I started putting my pee pads on top of the holder and I layer 3-4 of them. It seems to work for Benson and he will step into the holder and then pee! Of course he gets a treat when he does this! He now will come and get me & bark for me to treat him, when he does it, if I don't notice soon enough! lol 

He also like Kitzel & Liesl won't pee on the same pad he poops on and so I have to clean it up fast! Which I want to do anyway  If I will be gone for a while I put another pad out next to the holder so if he needs to do both he has 2 places like Sandi suggested.

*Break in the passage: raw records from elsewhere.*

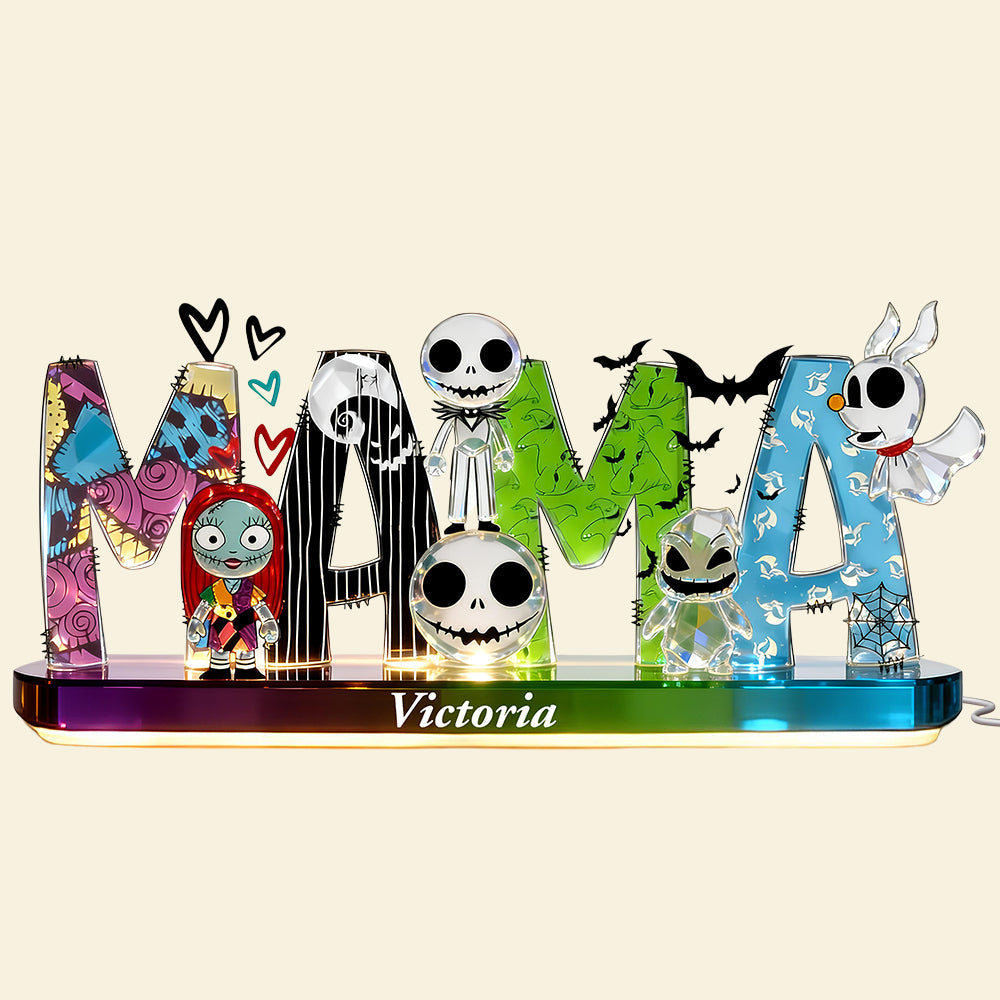 Personalized Spooky Acrylic Light Box Unique Gift for Mom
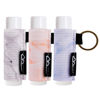Picture of WK IEASON - Lip Balm Holder Keychain Clip On Lipstick Sleeve Chapstick Sleeve Holder Keychain 3pcs(Marble print Grey/Orange/Purple)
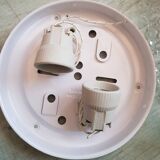 Applique vintage metal et verre made in spain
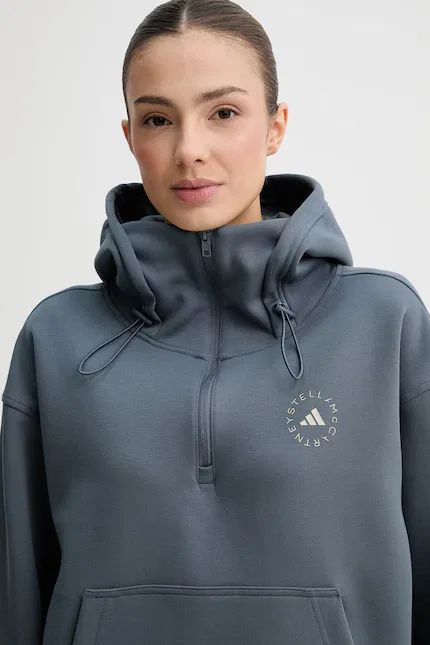 Худи синяя Adidas by Stella McCartney — фото 4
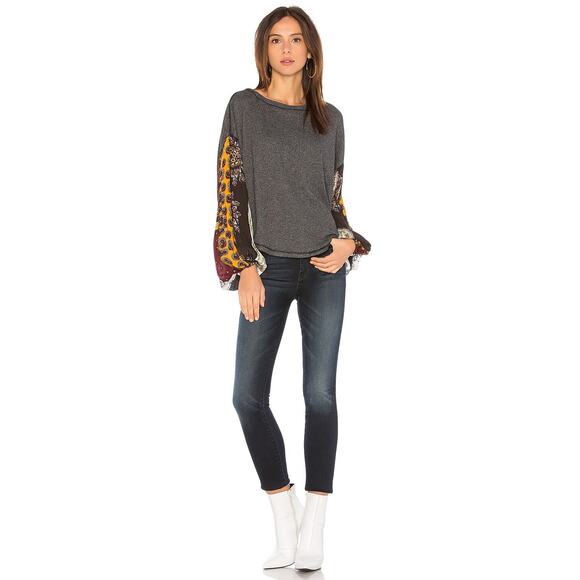 We the Free People Blossom Thermal Top Black Size Small - Picture 9 of 10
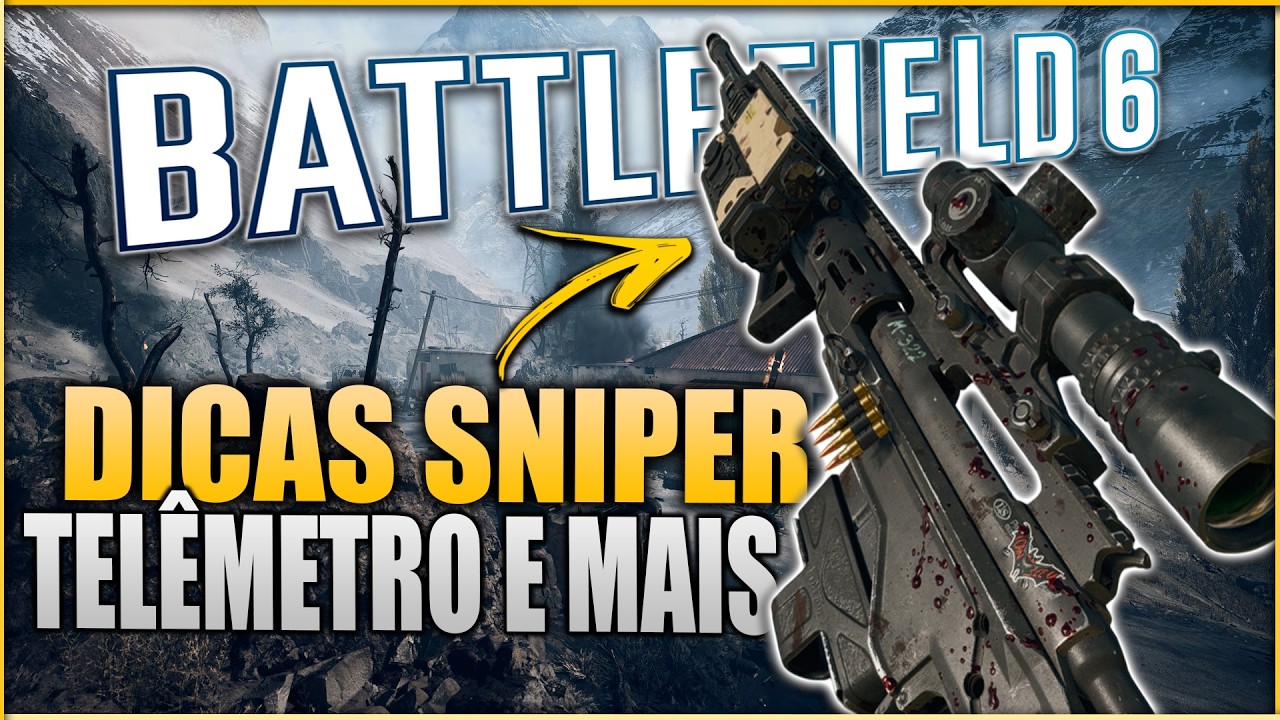 BATTLEFIELD 6: ACERTE MUITO MAIS TIROS DE SNIPER! (TELÊMETRO E MAIS)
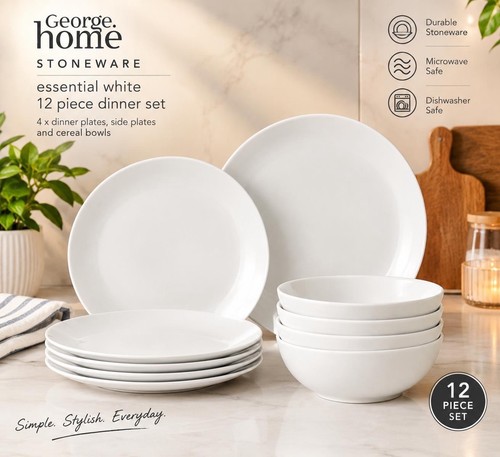 George home essential white - george,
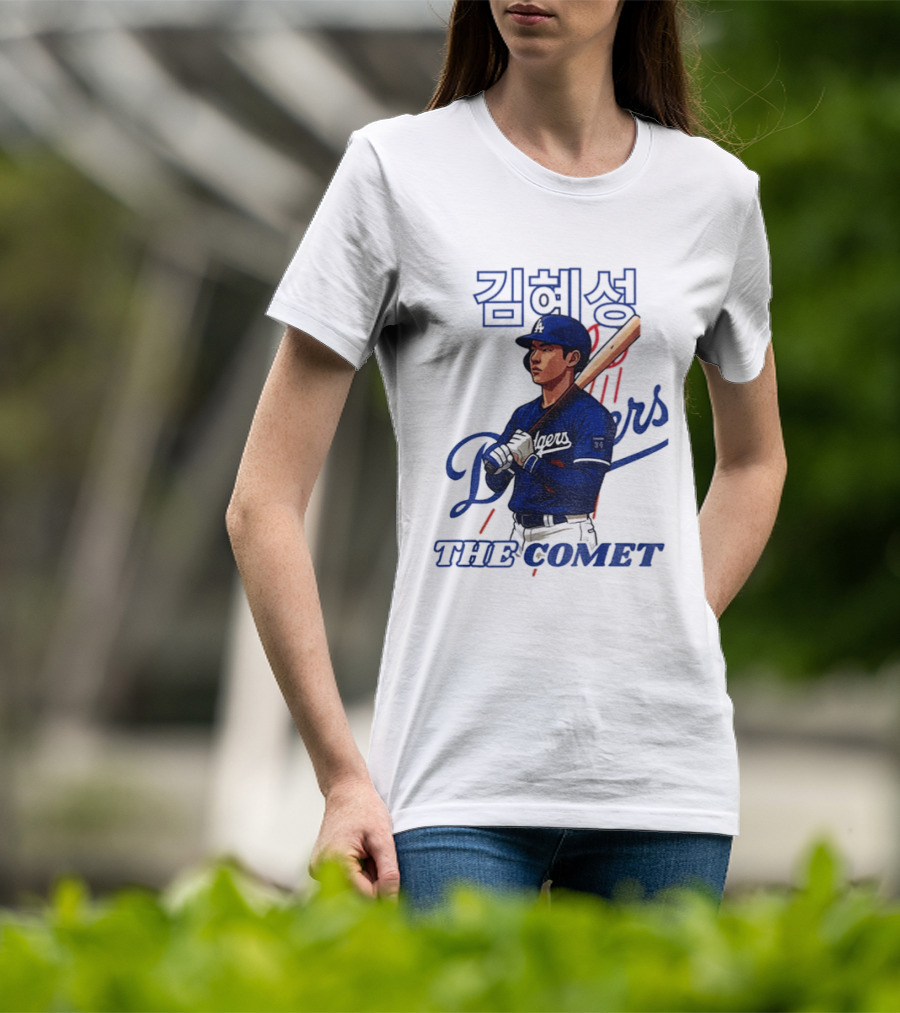 Kim Hye Seong Dodgers Baseball The Comet T-Shirt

Keep in mind that Benson is 4 years old and this didn't happen overnight!
Cyn


----------



## Cyntexas (Aug 20, 2010)

Washing machine trays!! Who would have thought? Great idea!! I learn something new every time I come here!


----------



## Lou's Mom (Apr 8, 2014)

Wow! I learn new things here everyday! I can't tell you how happy I am to have found y'all! I will have to get those trays and try the soda bottle thing! Lou would love that and he's very good about hitting the center but might as well give him a target! Lol! He will pee on anything sticking up out of the ground! The girls won't use the same pad that he uses and Dallas doesn't have great aim! I should have bought stock in clean up materials! Luckily she's so tiny it isn't much, but she tries!


----------



## LuckyD (Nov 12, 2013)

My pup is 21 months. I have him trained to do his business outside. He sleeps in the laundry room where I have a pad just in case and he NEVER uses it and never an accident, even after 10 hours. In the morning we obviously let him out and he does his business. We have tried to leave him to roam freely at night but that's when he doesn't hold it and just decides to go when the need comes. I can't correct him because we are sleeping. My daughters want him to sleep with them, but I can't have accidents in the house.. Please help


Sent from Petguide.com Free App


----------



## justagirltv (Jun 3, 2014)

Sometimes Bentley poops off the edge of his Lil Rascal dog litter box. He gets all they way in but when he does his poop spins he ends up right on the edge. I just pick it up ASAP.


----------